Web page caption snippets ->

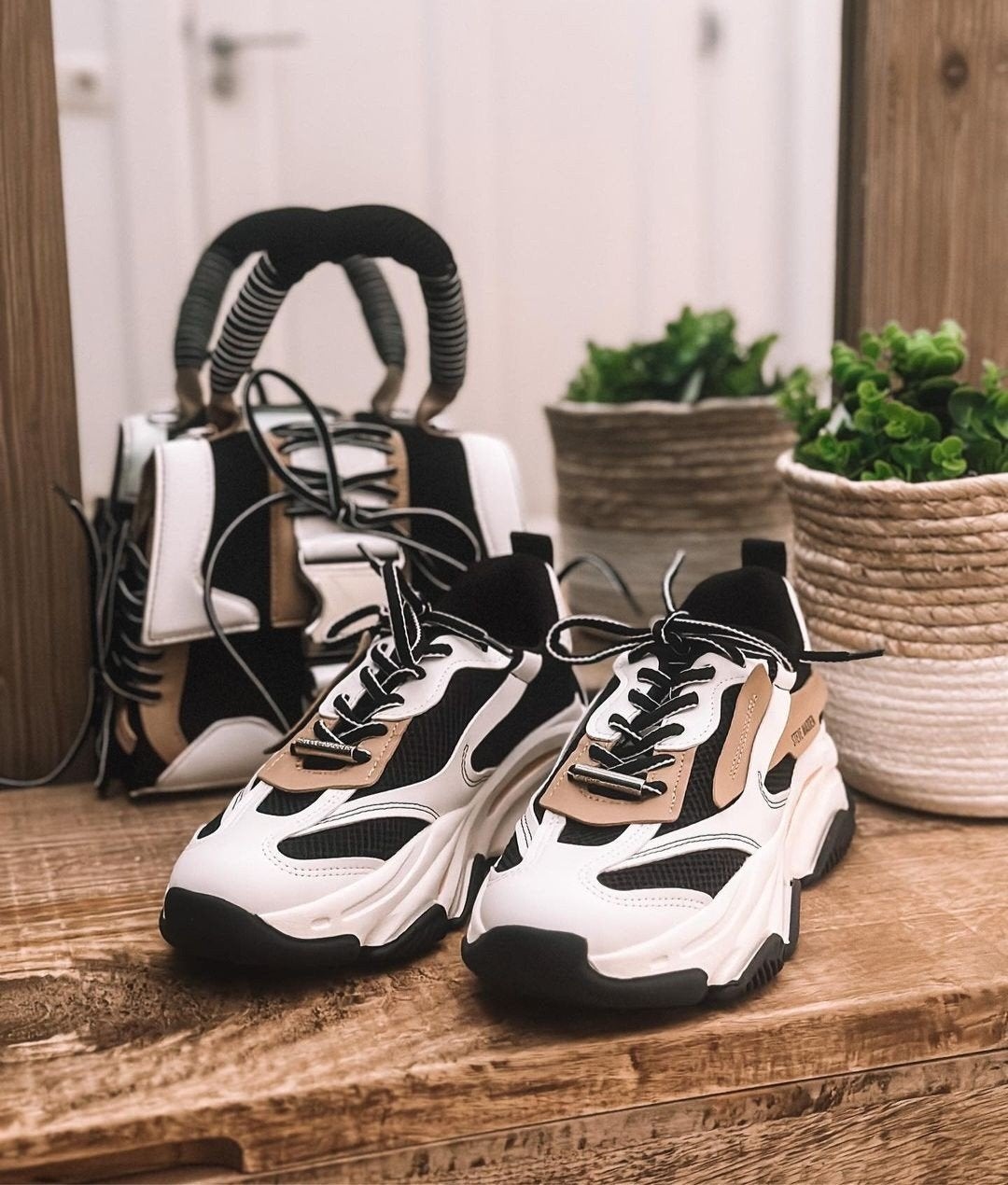 Sneakers Steve Madden maat 38, Kleding | Dames, Schoenen, Wit, Steve Madden, Ophalen of Verzenden, Zo goed als nieuw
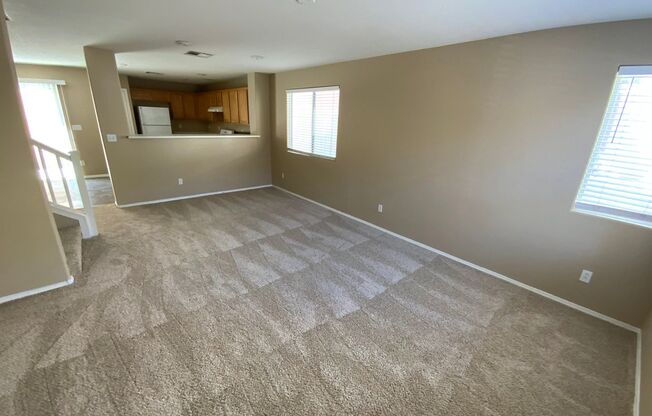 GORGEOUS HOME IN NICE COMMUNITY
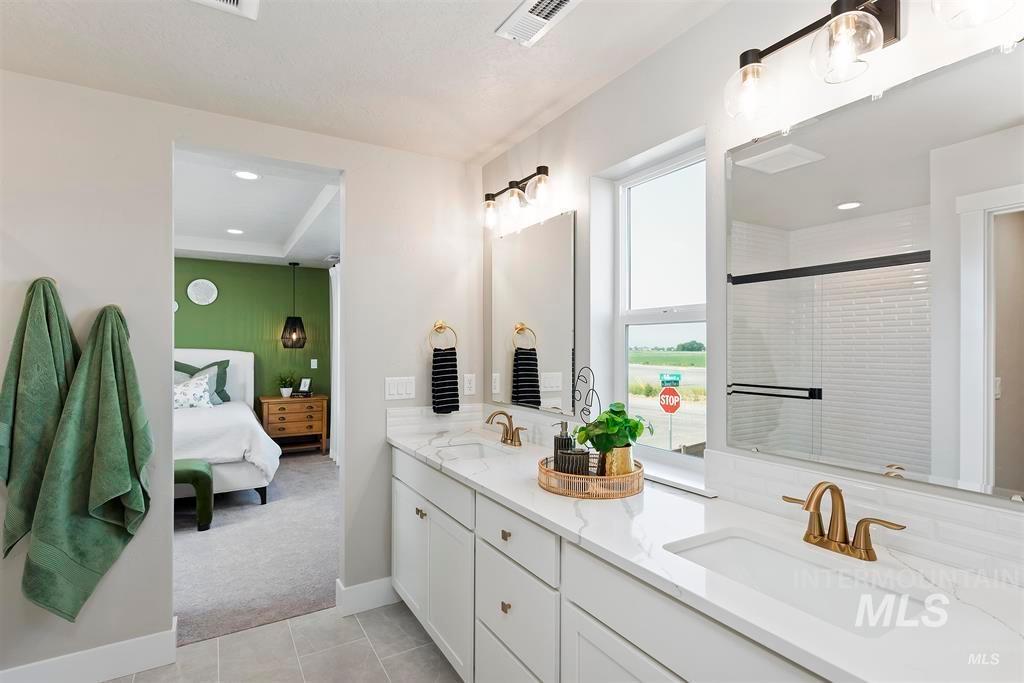 5934 W Parachute Dr.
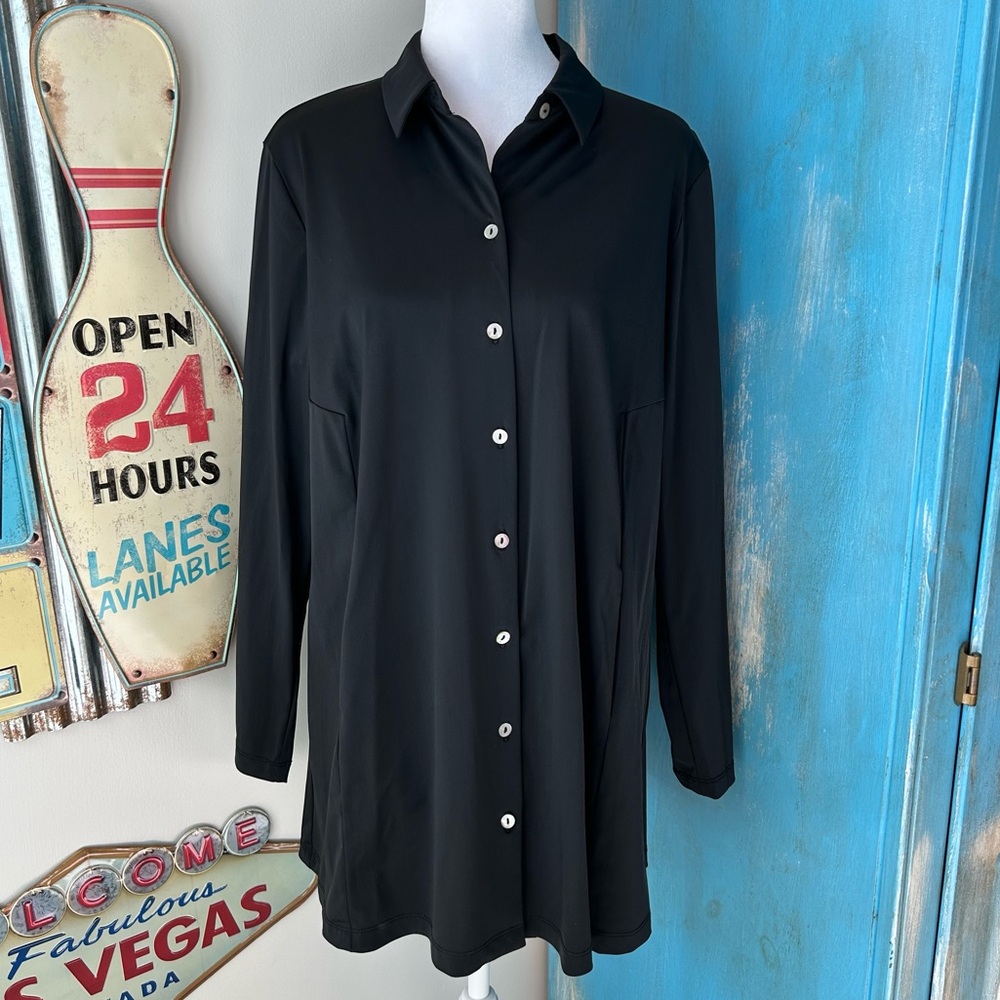 MarlaWynne Black Pleated-Back Nylon Blend Button Down Tunic Top Minimalist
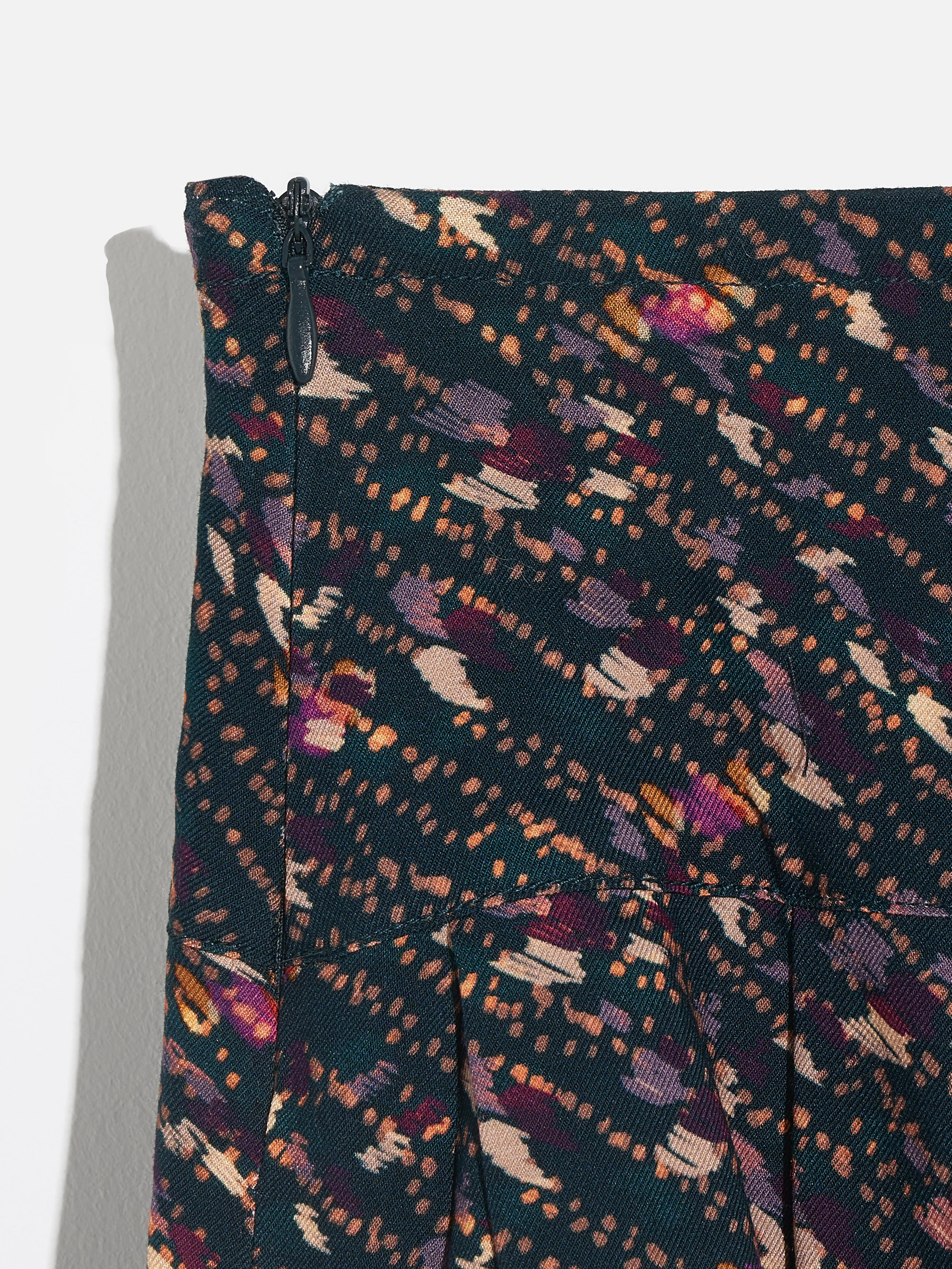 Aka Skirt (232 / G / DISPLAY B)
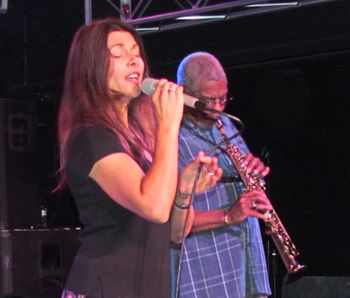Jessica Lee & Jay Willis
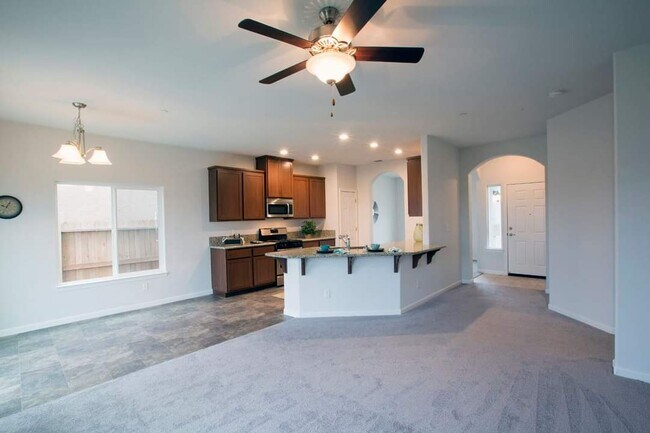 Foto del edificio - 2105 Moss Glen Loop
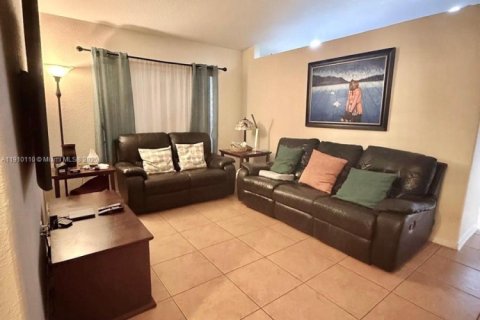 Casa en venta en Homestead, Florida, 3 dormitorios, 124.12 m2 № 1968658 - foto 7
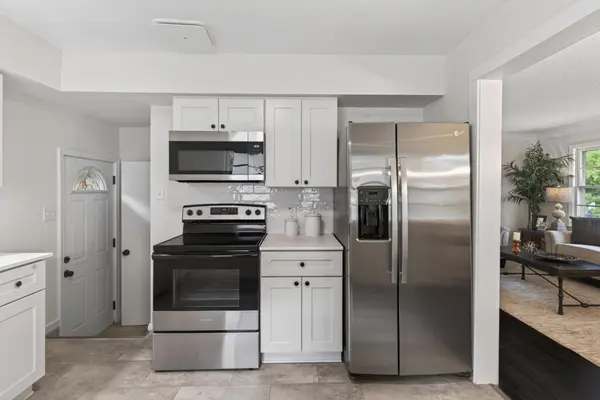 558 Arlington AVE E, Saint Paul, MN 55130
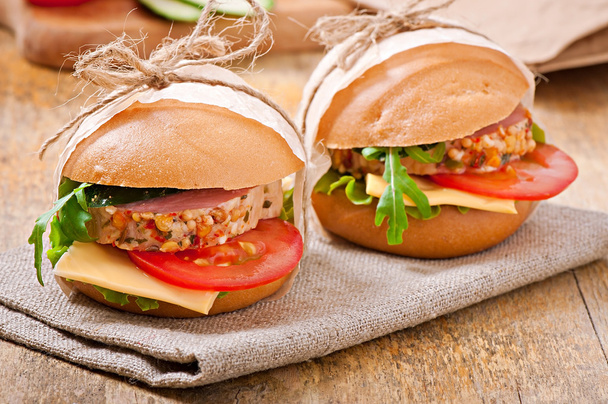 sandwich met ham, kaas en verse groenten - Foto, afbeelding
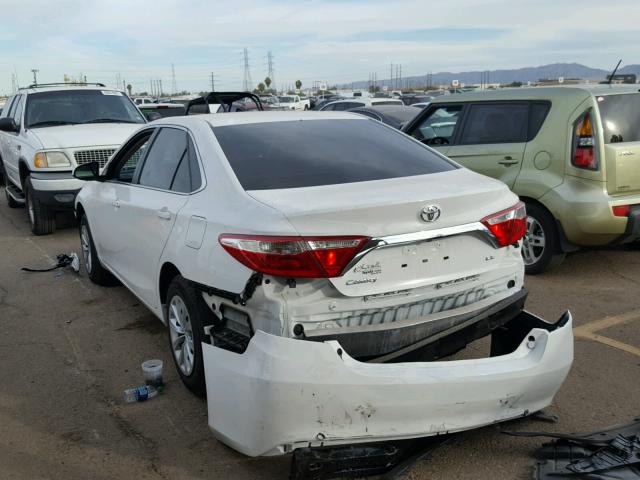 4T1BF1FK0HU807303 - 2017 TOYOTA CAMRY LE WHITE photo 3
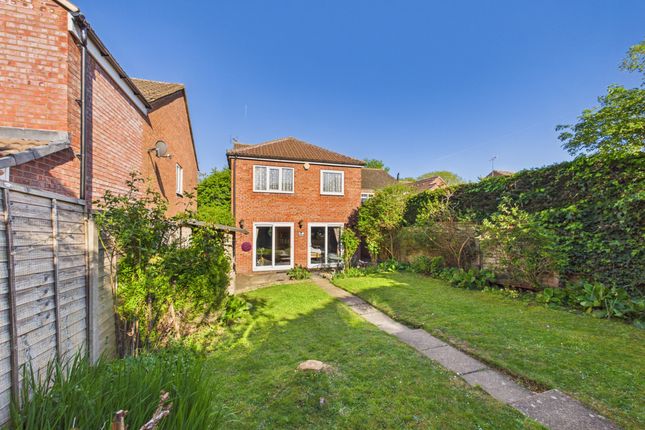 4 bed property, in Pigeon Farm Road, £550,000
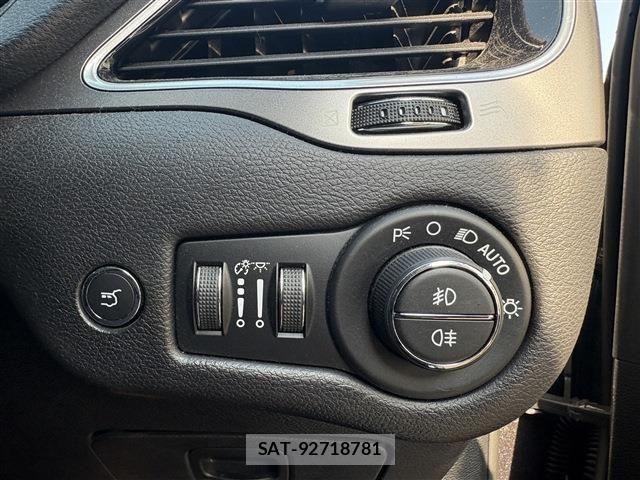 Jeep CHEROKEE 2021-04 6612405-25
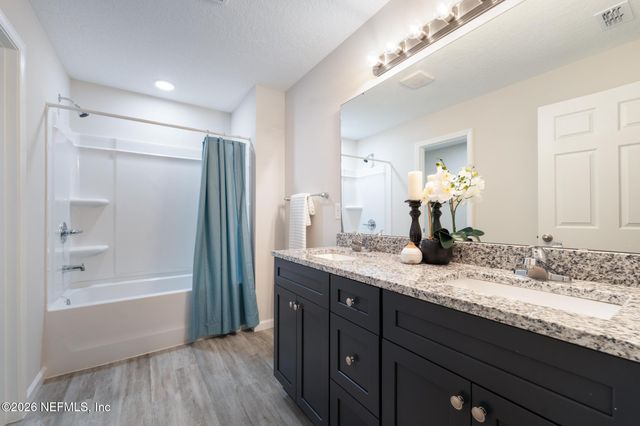 7581 DOVE Road, Jacksonville, FL 32219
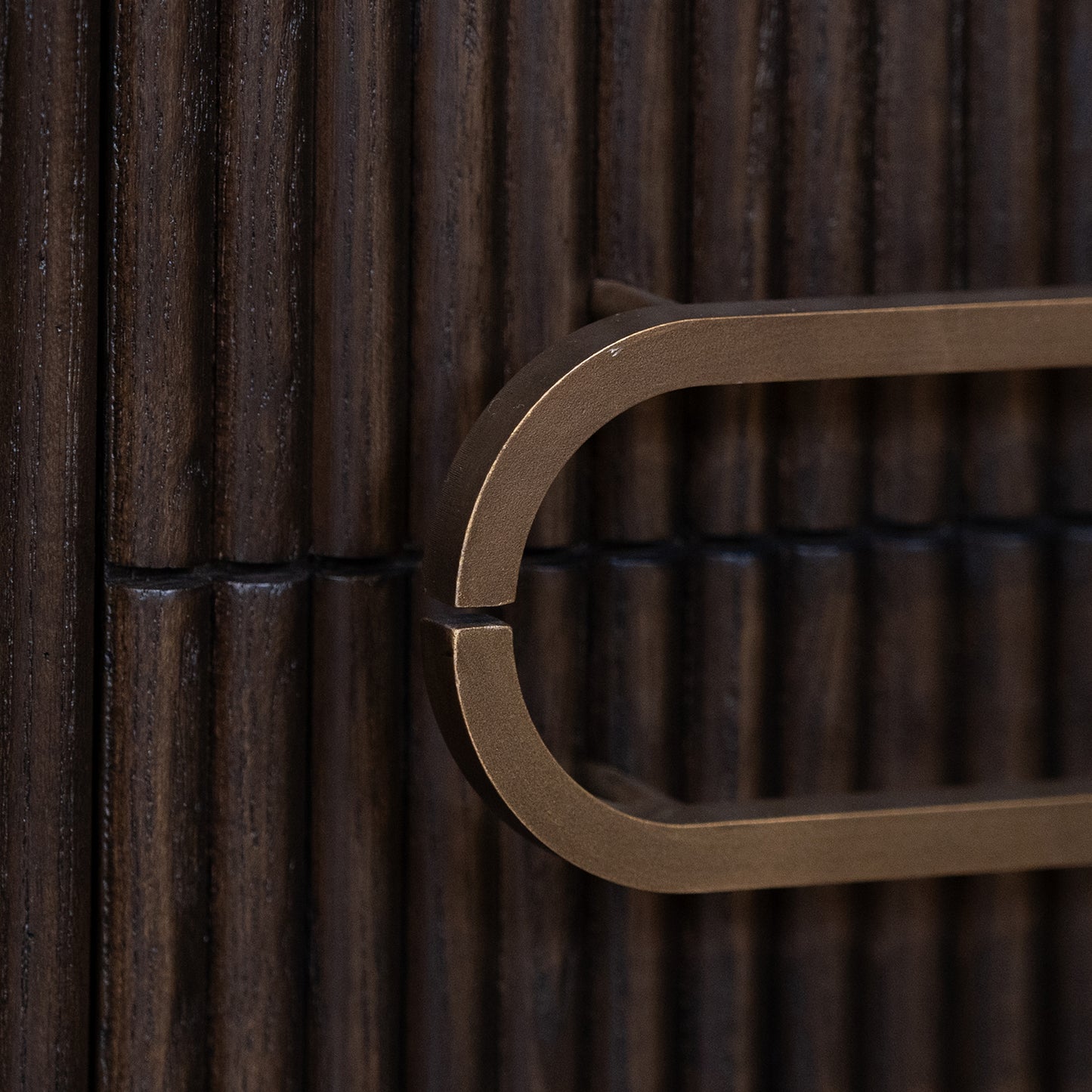 Kabinet Luxor | Bruin Eikenhout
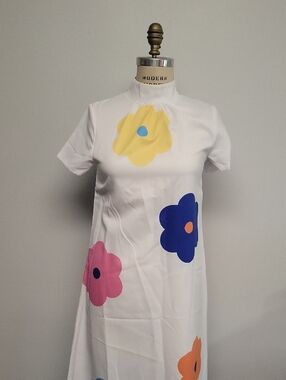 Uoozee White Floral Shift Maxi Dress with Colorful Blooms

EXERCISE DIRECTIONS -> The answer must restate every entry word for word, with the pictures left out.

REPLY TO THE TASK ->
 Sneakers Steve Madden maat 38, Kleding | Dames, Schoenen, Wit, Steve Madden, Ophalen of Verzenden, Zo goed als nieuw
 GORGEOUS HOME IN NICE COMMUNITY
 5934 W Parachute Dr.
 MarlaWynne Black Pleated-Back Nylon Blend Button Down Tunic Top Minimalist
 Aka Skirt (232 / G / DISPLAY B)
Jessica Lee & Jay Willis
 Foto del edificio - 2105 Moss Glen Loop
 Casa en venta en Homestead, Florida, 3 dormitorios, 124.12 m2 № 1968658 - foto 7
 558 Arlington AVE E, Saint Paul, MN 55130
 sandwich met ham, kaas en verse groenten - Foto, afbeelding
 4T1BF1FK0HU807303 - 2017 TOYOTA CAMRY LE WHITE photo 3
 4 bed property, in Pigeon Farm Road, £550,000
 Jeep CHEROKEE 2021-04 6612405-25
 7581 DOVE Road, Jacksonville, FL 32219
 Kabinet Luxor | Bruin Eikenhout
 Uoozee White Floral Shift Maxi Dress with Colorful Blooms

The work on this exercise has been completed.